El día empezó menos alegre: los ascensores no funcionaban y tuve que bajar dieciocho pisos. Debido al cáncer, o más probablemente debido a la quimioterapia, ya no puedo subir escaleras ni andar en bicicleta, pero esto salió maravillosamente bien: no estaba completamente exhausto cuando bajé.
Sin embargo, los narcóticos asociados con la quimioterapia aseguran que experimente todo mucho más intensamente que antes, de modo que una vez que el sol brilló sobre mi bola calva afuera, me hizo intensamente feliz.
Además, me dirigía a mi lugar favorito en el vecindario, una pequeña tienda de conveniencia en una esquina, en la parte inferior de la torre que una vez me había tentado a mudarme a este nuevo y elegante vecindario en el norte de la gran ciudad. Llamémosle Appie, ese supermercado.
Frente a la entrada, dos pescadores (al menos sus bicicletas estacionadas un poco más lejos tenían una cantidad impresionante de equipos de pesca, incluido un cubo de gusanos vivos) estaban hablando con una niña poco probable. Se trataba de la vida, especialmente de la división de roles entre hombres y mujeres, entendí.
‘Esas lesbianas engañan’, le dijo el pescador más viejo a la niña, ‘lo hacen entre ellas pero también con los hombres, pero eso entonces no lo sabes’. La niña escuchó atentamente. La lógica me pareció descabellada.
Adentro, como de costumbre, el gerente siempre alegre pero altisonante me estaba dando la bienvenida a gritos, como le da la bienvenida a todos los clientes. Eso es fácil, porque muchos no caben en él.
Varias personas trabajan allí con una distancia obvia del mercado laboral; eso es también lo que hace que este Appie sea comprensivo, creo. Todos parecen felices aquí, incluso la chica más distante, que dirige el mostrador de cigarrillos y continuamente pasa preguntas difíciles a sus benévolos colegas.
Su mostrador es también la caja registradora central, porque aquí vienen muchos albañiles del barrio que quieren pagar todos en efectivo.
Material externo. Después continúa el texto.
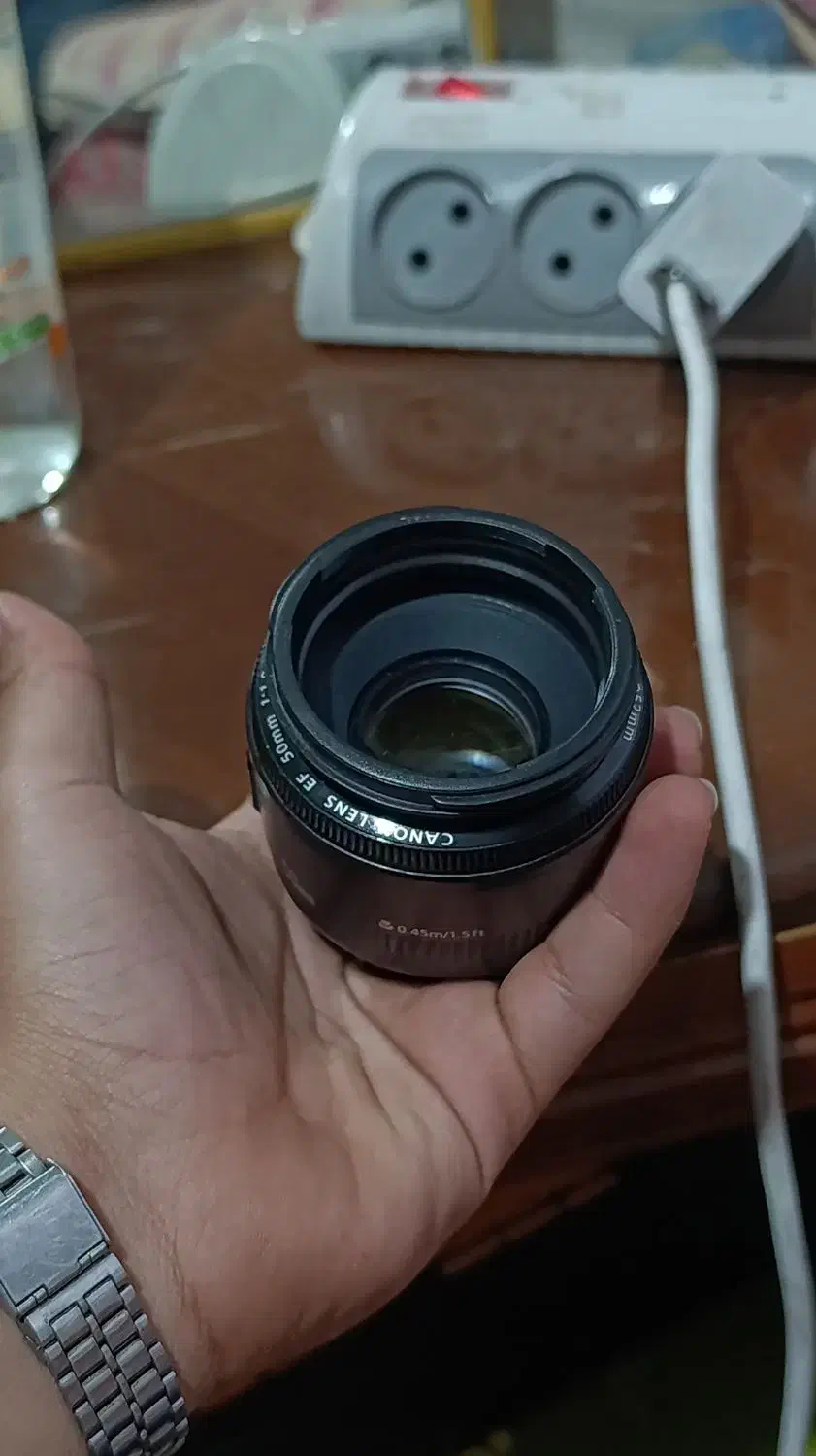 لنز کانون canon 50mm 1.8|دوربین عکاسی و فیلمبرداری|ارومیه, |دیوار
Eso a veces provoca atascos, sobre todo cuando los tirantes del liceo de la esquina se rompen con sus monedas, pero nunca se oye quejarse a nadie. Porque el gerente siempre silba fuerte a lo largo del atasco.
Además del billete de un día, también había comprado dos botellas de vino blanco (tenía visitas) y las metí en mi bolso, una de las cuales chocó con la otra con bastante brusquedad. ‘¿Sabe usted’, intervino el gerente, ‘que algo así puede ser fatal?’
Explicó con paciencia y elocuencia que si tiras dos botellas de vino juntas, podrían golpearse en el lugar equivocado y luego explotar horriblemente. Una vez le había pasado lo mismo a la puerta de un frigorífico.
En casa, coloqué las botellas sobre el mostrador de mármol con sumo cuidado. Nunca supiste.
VolkskrantEl periodista Eelco Meuleman (61), a quien le han diagnosticado un cáncer renal terminal, escribe sobre su vida todas las semanas.